成人ADHD(注意欠陥・多動性障害)の診断方法

成人ADHD(注意欠陥・多動性障害)とは

注意欠陥・多動性障害(ADHD)は、子どもだけでなく成人にも見られます。成人の約4%がADHDと診断され、仕事や人間関係、日常生活に支障をきたすことがあります。
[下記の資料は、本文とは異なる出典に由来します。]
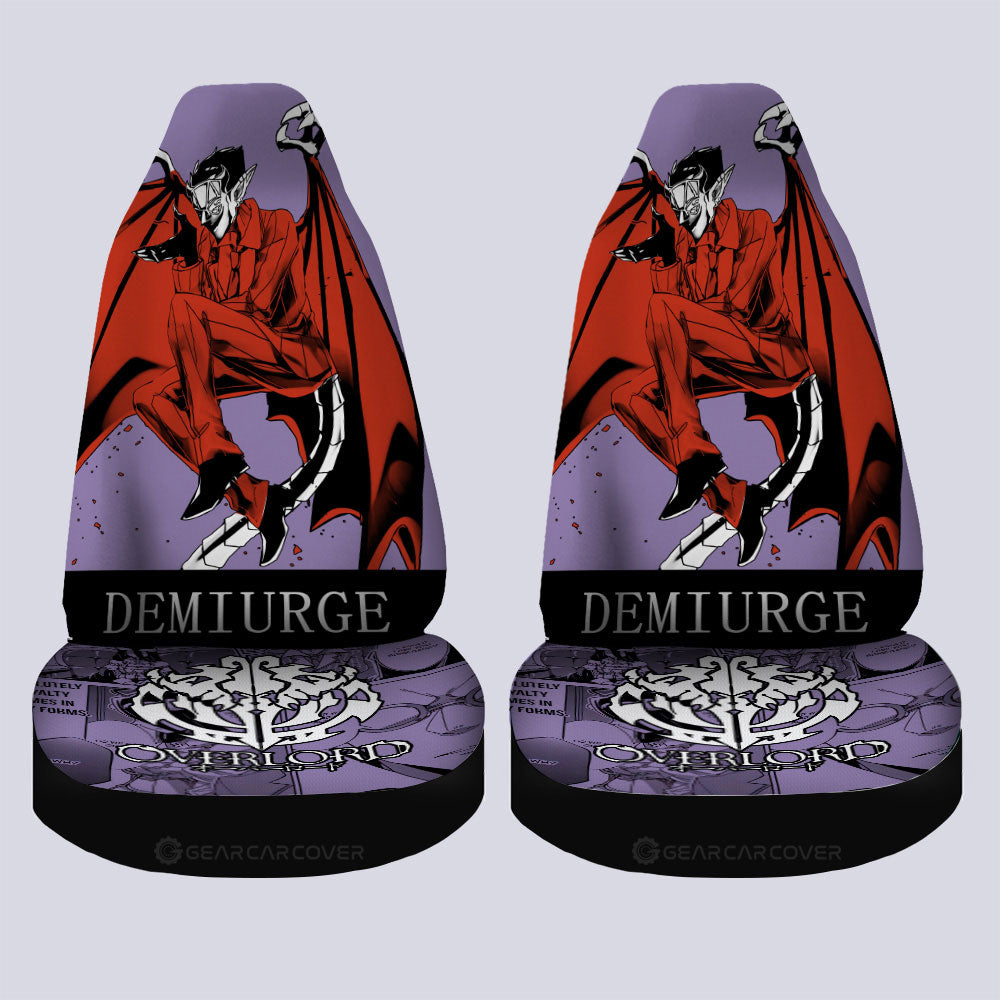 Demiurge Car Seat Covers Custom For Car - Gearcarcover - 4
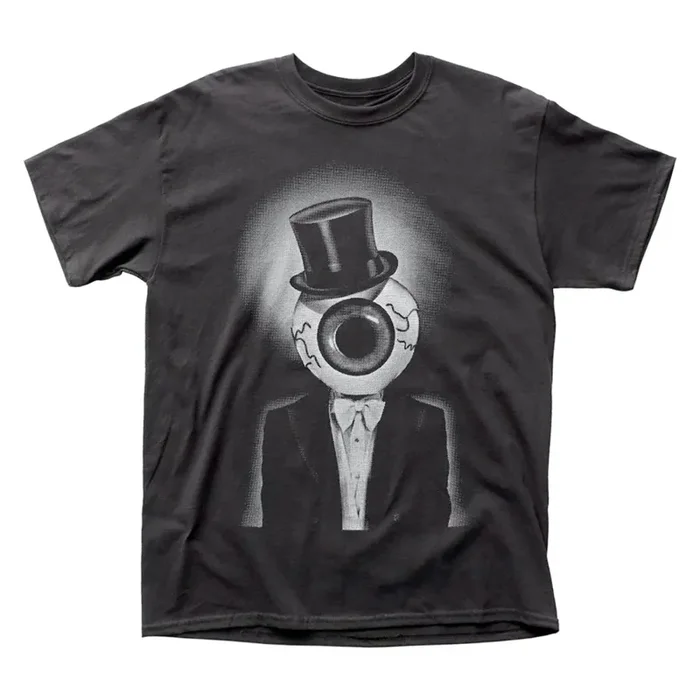 The Residents: The Eyeball Shirt – Black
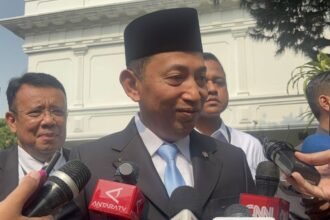 KSP Listyo Sigit Belum Tahu Siapa yang Diganti dalam Pelantikan Pejabat di Istana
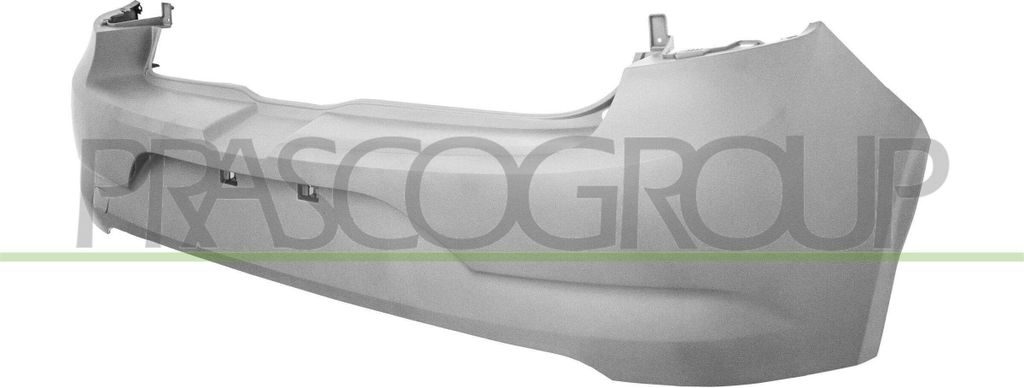 PRASCO Heckstoßstange Stoßfänger Hinten für RENAULT Megane IV Schrägheck (B9A/M/N)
診断にはDSM(診断統計マニュアル)に基づく基準が必要で、家庭医、神経科医、精神科医、臨床心理士などの専門家が診断します。

診断までの具体的なステップ

  1. 過去の生活史を確認する

    就業歴の不安定さ、学業成績の低下、日常的なタスクの未完了、対人関係のトラブルなどがADHDのサインかもしれません。

  2. 注意欠陥の行動をチェックする

    以下のうち少なくとも6項目に該当するか確認します。

    • 細部に注意が向かない
    • 活動に注意を持続できない
    • 話しかけられても聞き取れない
    • 指示を守れず、仕事を終えられない
    • タスクの整理が苦手
    • 注意が必要な作業を避ける
    • 必要な物をなくす
    • 外部刺激に容易に気が散る
    • 忘れ物が多い
  3. 衝動性・多動性の症状を評価する

    以下のうち少なくとも6項目に該当するか確認します。

    • 落ち着きがなくそわそわする
    • 不適切な場面で席を離れる
    • 静かな余暇活動が続かない
    • 常に動き回りたがる
    • 過度におしゃべりになる
    • 相手が話し終える前に口をはさむ
    • 順番を待てない
    • 他人の活動を頻繁に中断する
  4. 症状を一覧化する

    注意欠陥と衝動性・多動性のどちらか、または両方で6項目以上があるかを確認します。

  5. 症状の発症時期を確認する

    7歳以前に症状が現れたかどうかを、親や元教師、成績表などから情報を集めて検証します。

  6. 日常生活への影響を評価する

    仕事・家庭・学業など、少なくとも2つの環境で顕著な困難があるかをチェックします。

  7. 医師に相談する

    上記基準を満たす場合は、まずかかりつけ医に相談し、併存する不安障害やうつ病、学習障害、てんかん、血圧低下、鉛中毒などの鑑別診断を受けます。

  8. 専門家への紹介を受ける

    必要に応じて精神科医や臨床心理士に紹介してもらい、詳細な心理検査や治療計画を立ててもらいます。